FPGA design flows in which hardware (FPGA) is targeted generally do not support floating point numbers in the FPGA fabric. Fixed point with limited precision is more commonly used.

A limited precision fixed point approach:
Use Matlab to create an array of samples for your math function such that the largest value is +/- .99999. For 8 bit precision (actually 7 with sign bit), multiply those numbers by 128, round at the decimal point and drop the fractional part. Write those numbers to a text file in 2s complement hex format. In SystemVerilog you can implement a ROM using that text file. Use $readmemh() to read these numbers into a memory style variable (one that has both a packed and unpacked dimension). Link to a tutorial:
https://projectf.io/posts/initialize-memory-in-verilog/.
Now you have a ROM with limited precision samples of your function

Section 21.4 Loading memory array data from a file in the SystemVerilog specification provides the definition for $readmh(). Here is that doc:
https://ieeexplore.ieee.org/document/8299595

If you need floating point one possibility is to use a processor soft core with a floating point unit implemented in FPGA fabric, and run software on that core. The core interface to the rest of the FPGA fabric over a physical bus such as axi4 steaming. See:
https://www.xilinx.com/products/design-tools/microblaze.html to get started.
It is a very different workflow than ordinary FPGA design and uses different tools. C or C++ compiler with math libraries (tan, exp, div, etc) would be used along with the processor core.
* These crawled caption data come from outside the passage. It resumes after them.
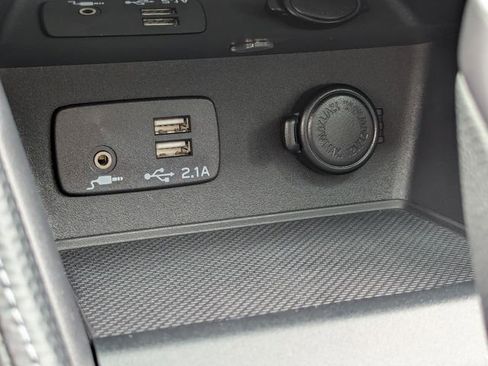 Used 2023 Subaru Forester Limited image 23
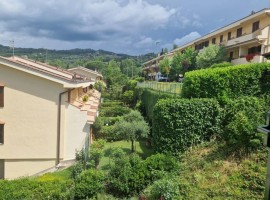 Vendita Terratetto unifamiliare in via Sant'Andrea a Sveglia Fiesole. Buono stato, posto auto, risca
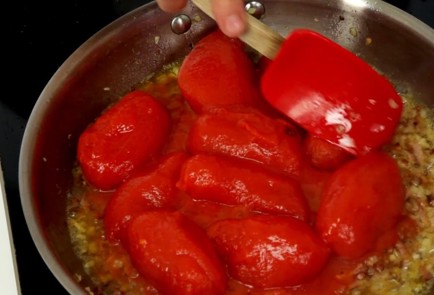 Фото шага рецепта Спагетти аматричана 49598 шаг 5  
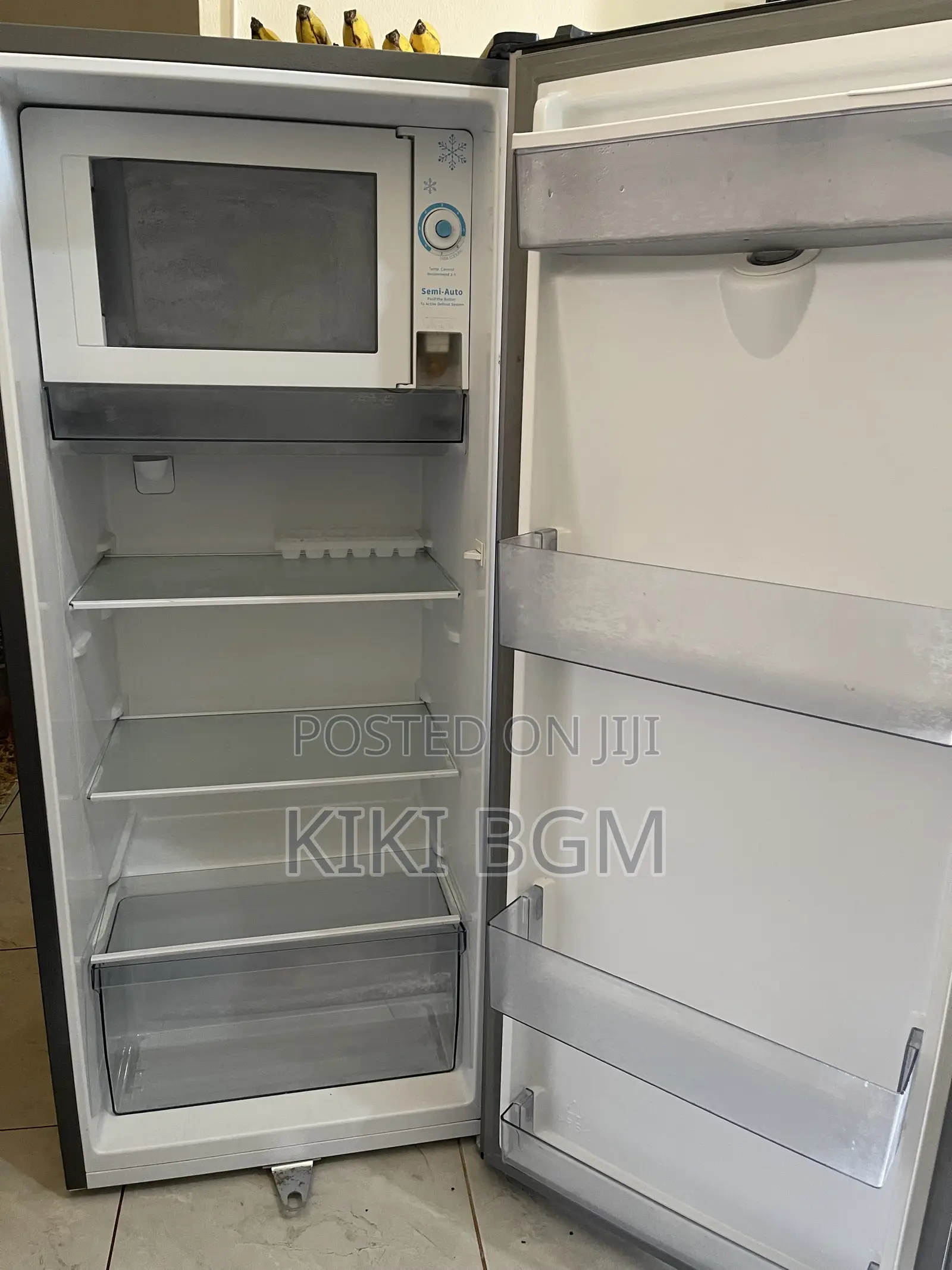 Hisense Fridge 229Litres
Another possibility for fixed point is an FPGA with a hard core processor. Xilinx Zynq is one of them. This is a complex and powerful approach. A free free book provides knowledge on how to use Zynq
http://www.zynqbook.com/.
This workflow is even more complex that soft core approach because the Zynq is a more complex platform (hard processor & FPGA integrated on one chip).

Mikef
  • 1,572
  • 2
  • 10
  • 21
0

Its pretty hard to implement non-linear functions like that in hardware, and on top of that floating point arithmetic is even more costly. Its definitely better(and recommended) to work with fixed point arithmetic as mentioned in answers before. The number of precision bits in fixed point arithmetic will depend on your result accuracy and the error tolerance.

For hardware implementations, any kind of non-linear function can be approximated as piecewise linear function, and use a ROM based implementation approach as described in previous answers. The number of sample points that you take from the non-linear function determines your accuracy. The more samples you store the better approximation of the function you get. Often in hardware , number of samples you can store can become restricted by the amount of fast/local memory available to you. In this case to optimize the memory resources, you can add a little extra compute resources and perform linear interpolation to calculate the needed values.